**Supplied data**
*** Begin section ***
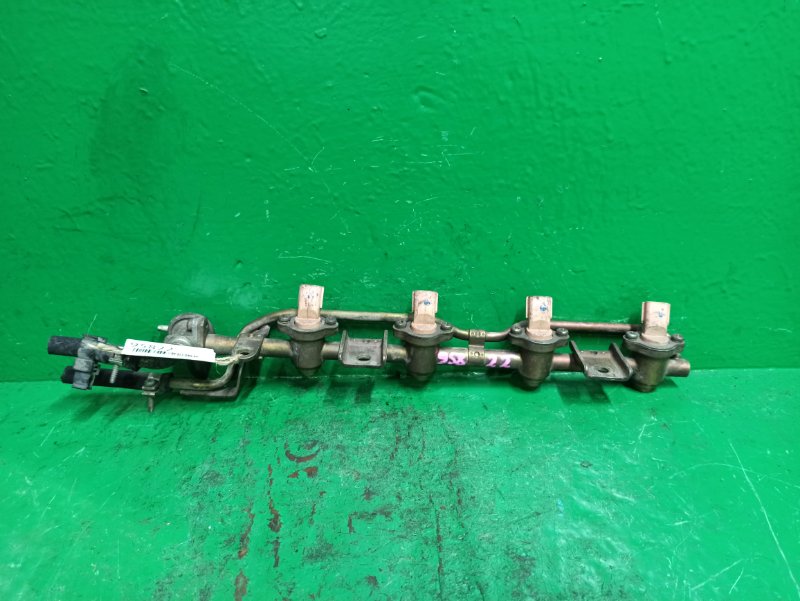 Форсунки бензиновые Nissan Presea R11 GA15DE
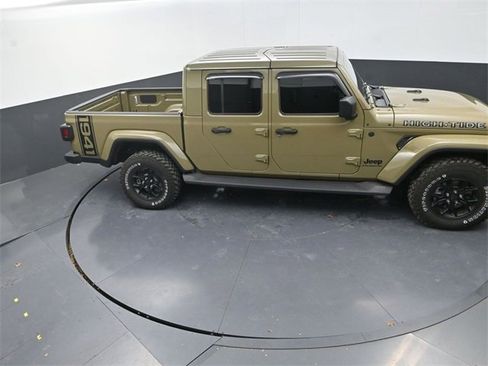 Used 2025 Jeep Gladiator Sport image 16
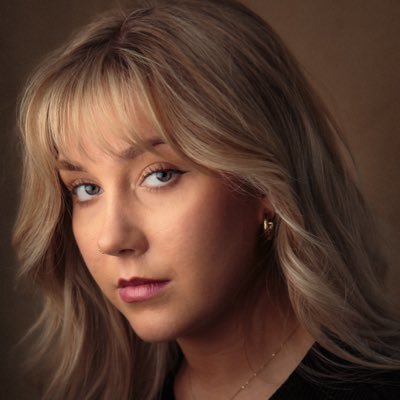 Molly Parton Profile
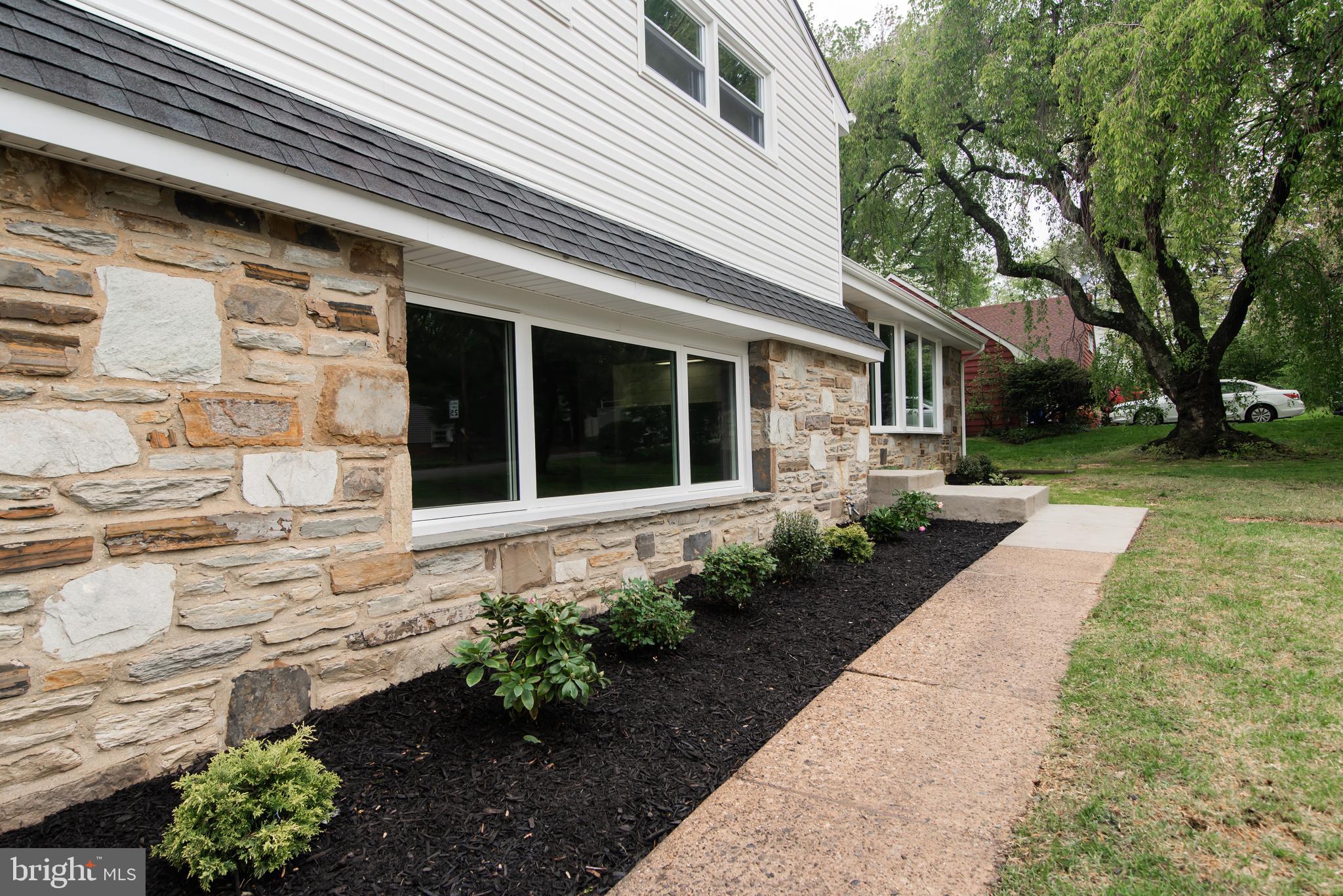 318 Old Farm Road Wyncote, PA 19095 - Photo 6 of 48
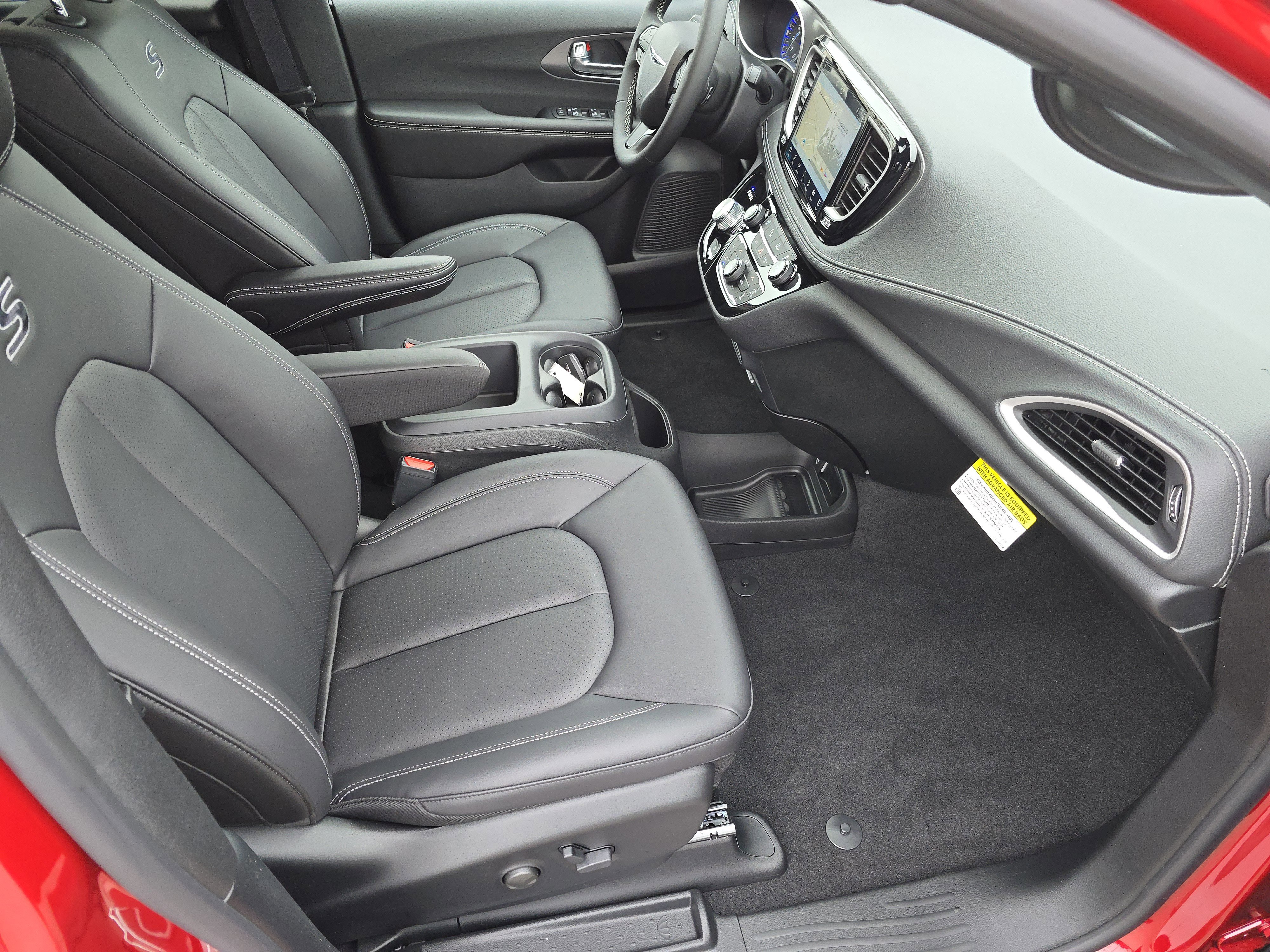 New 2026 Chrysler Pacifica Select FWD image 28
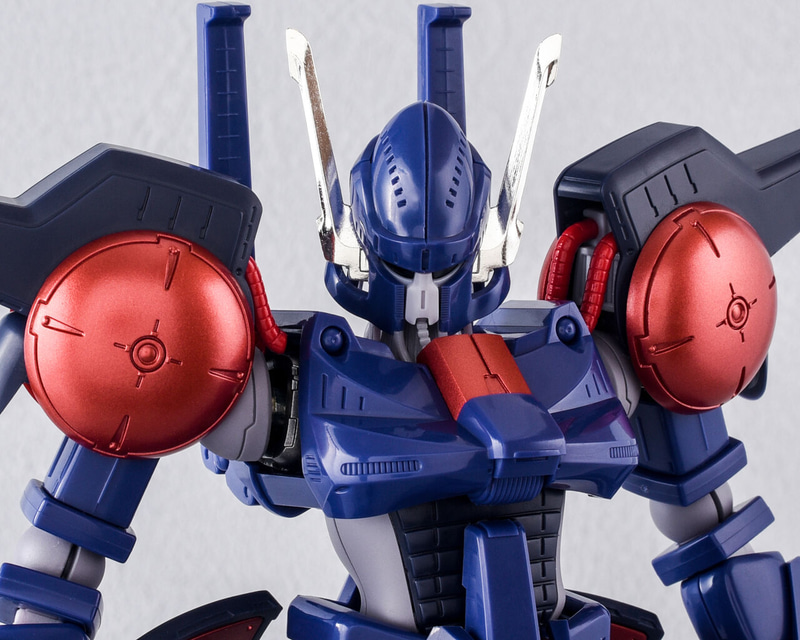 バッシュは主人公のライバル、ギャブレット・ギャブレーが搭乗するA級ヘビーメタル。ガイコツのような頭部、落ち着いた赤いカラーリング、フレーム設計に装甲形状など、モチーフをどのように立体化しているかがわかる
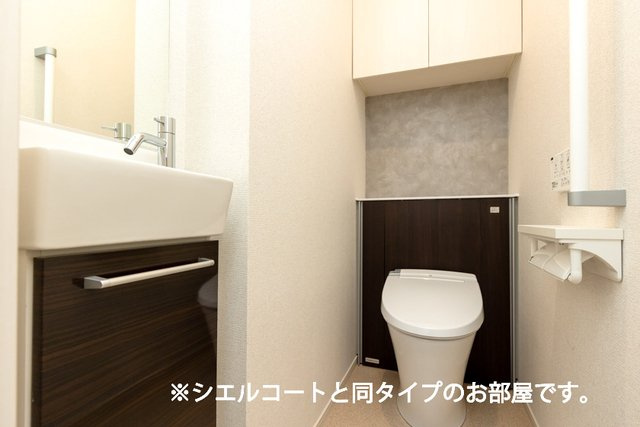 ラ　ペ　フランⅠのトイレ|ゆったりとした空間のトイレです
*** End section ***
**What the task requires**
Every entry above needs to be copied exactly, and no pictures go with it.

**Response**
 Форсунки бензиновые Nissan Presea R11 GA15DE
 Used 2025 Jeep Gladiator Sport image 16
 Molly Parton Profile
 318 Old Farm Road Wyncote, PA 19095 - Photo 6 of 48
 New 2026 Chrysler Pacifica Select FWD image 28
 バッシュは主人公のライバル、ギャブレット・ギャブレーが搭乗するA級ヘビーメタル。ガイコツのような頭部、落ち着いた赤いカラーリング、フレーム設計に装甲形状など、モチーフをどのように立体化しているかがわかる
 ラ　ペ　フランⅠのトイレ|ゆったりとした空間のトイレです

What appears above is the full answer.